Mark Zuckerberg's net worth plummets $29bn as Meta's share price sinks
Mark Zuckerberg lost $29 billion in net worth on Thursday as Meta Platforms' stock marked a record one-day plunge, while fellow billionaire Jeff Bezos was set to add $20bn to his fortune after Amazon's blockbuster earnings.
This pushes Mr Zuckerberg outside the list of the top 10 wealthiest people — and the exclusive $100bn club — in the world for the first time since July 2015. Meta's stock fell 26 per cent, erasing more than $200bn in the biggest ever single-day market value wipeout for a US company. That pulled down founder and chief executive Mr Zuckerberg's net worth to $85bn, according to Forbes. Mr Zuckerberg owns about 12.8 per cent of the technology behemoth formerly known as Facebook. His one-day wealth decline is among the biggest in history and comes after Tesla top boss Elon Musk's $35bn single-day paper loss in November.
After the $29bn wipeout, Mr Zuckerberg is now 12th on Forbes' list of real-time billionaires, below Indian business moguls Mukesh Ambani and Gautam Adani. Meta reported no growth in monthly Facebook users in the fourth quarter relative to the previous period.
For Meta, the disappointing earnings add to its challenges. It is in the middle of a number of regulatory fights and also looking to justify its strategic shift to bet on an immersive internet known as the metaverse.
Meanwhile, other platforms such as TikTok and YouTube are gaining ground with younger users. Mr Bezos, the founder and chairman of e-commerce retailer Amazon, owns about 9.9 per cent of the company, according to Refinitiv data. He is also the world's third richest man, according to Forbes.

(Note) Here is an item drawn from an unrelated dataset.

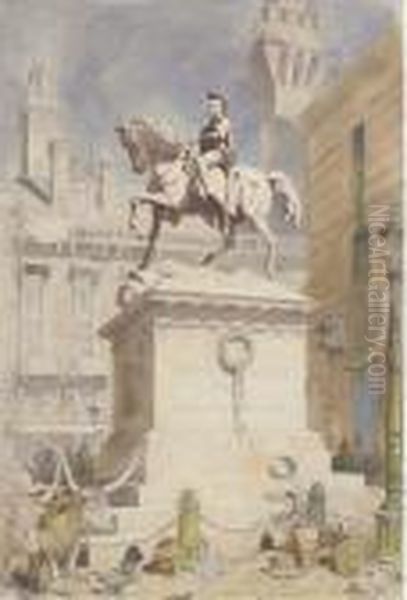 Piazza Del Supramuro, Perugia Oil Painting by Alfred Charles Conrade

Amazon's holiday-quarter profit surged, thanks to its investments in electric vehicle company Rivian. The company said it would raise the annual prices of Prime subscriptions in the US, sending its shares up 15 per cent in extended trading and readying it for its biggest percentage gain since October 2009 on Friday.
Mr Bezos's net worth rose 57 per cent to $177bn in 2021 from a year earlier, according to Forbes, largely from Amazon's boom during the coronavirus pandemic when people were highly dependent on online shopping.
Trading in technology stocks remains volatile as investors struggle to price in the impact of high inflation and an expected rise in interest rates. Meta shares could very well recover sooner rather than later, with the hit to Mr Zuckerberg's wealth staying on paper.
Mr Zuckerberg sold $4.47bn worth of Meta shares last year, before 2021's technology retreat. The sales were carried out as part of a pre-set 10b5-1 trading plan, which executives use to allay concerns about insider trading.